> _WORK TO COMPLETE_
Return exactly the lines of the data below, from the one that contains "Judith Furlong (right)" through the final line, and leave out every picture.

> _GIVEN DATA_
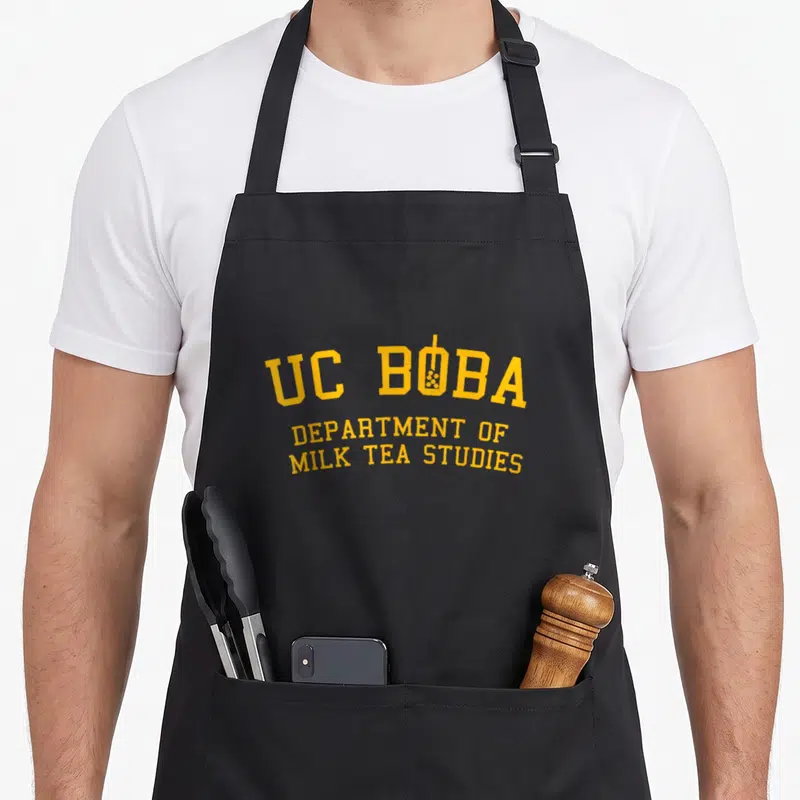 Milk asian apron - Yellow UC BOBA text with boba cup icon replacing the letter O — shown on a black cotton canvas apron against a white background
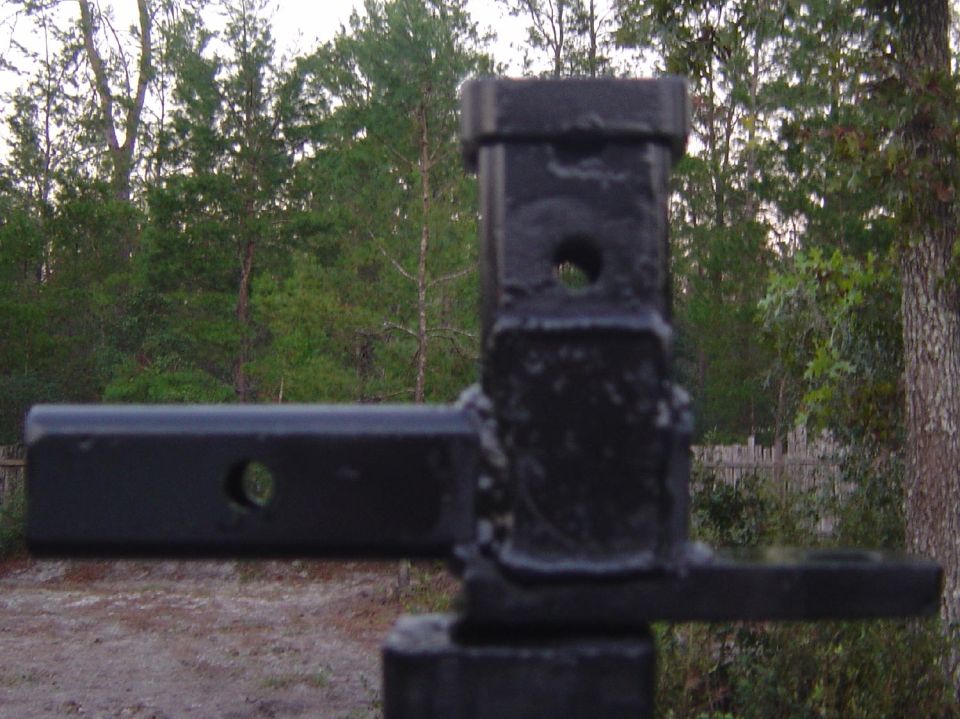 Close-up of a black trailer hitch receiver with a hole in the side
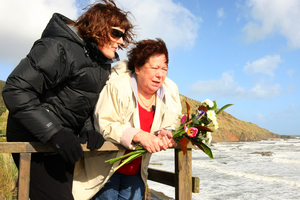 Judith Furlong (right) looks over Sunset Beach, where the remains of her daughter Jane were found in a shallow grave. Photo / Chris Gorman
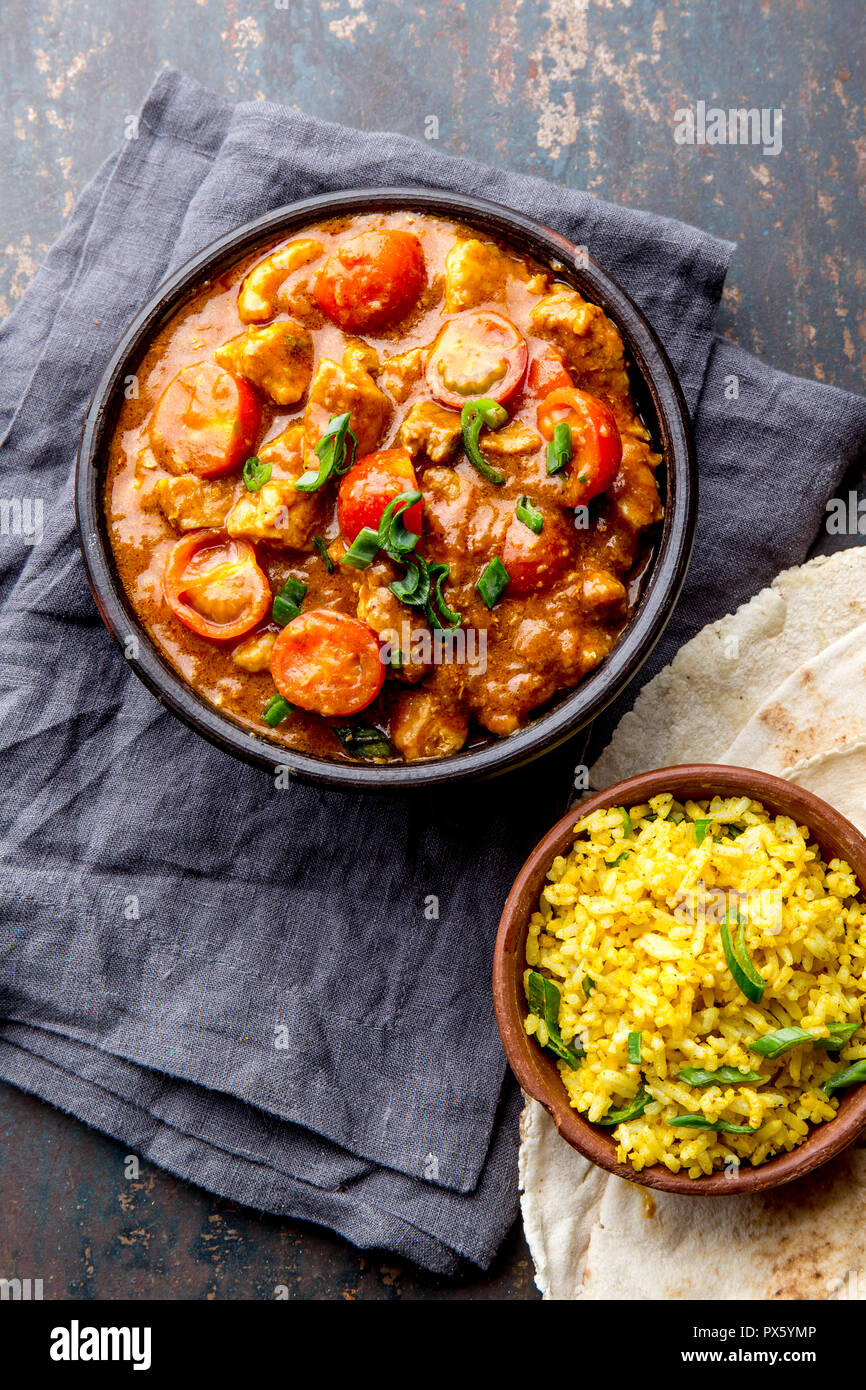 INDIAN FOOD. ROGAN JOSH curry sauce. Pork rogan josh with rice and naan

> _RESPONSE TO THIS EXERCISE_
 Judith Furlong (right) looks over Sunset Beach, where the remains of her daughter Jane were found in a shallow grave. Photo / Chris Gorman
 INDIAN FOOD. ROGAN JOSH curry sauce. Pork rogan josh with rice and naan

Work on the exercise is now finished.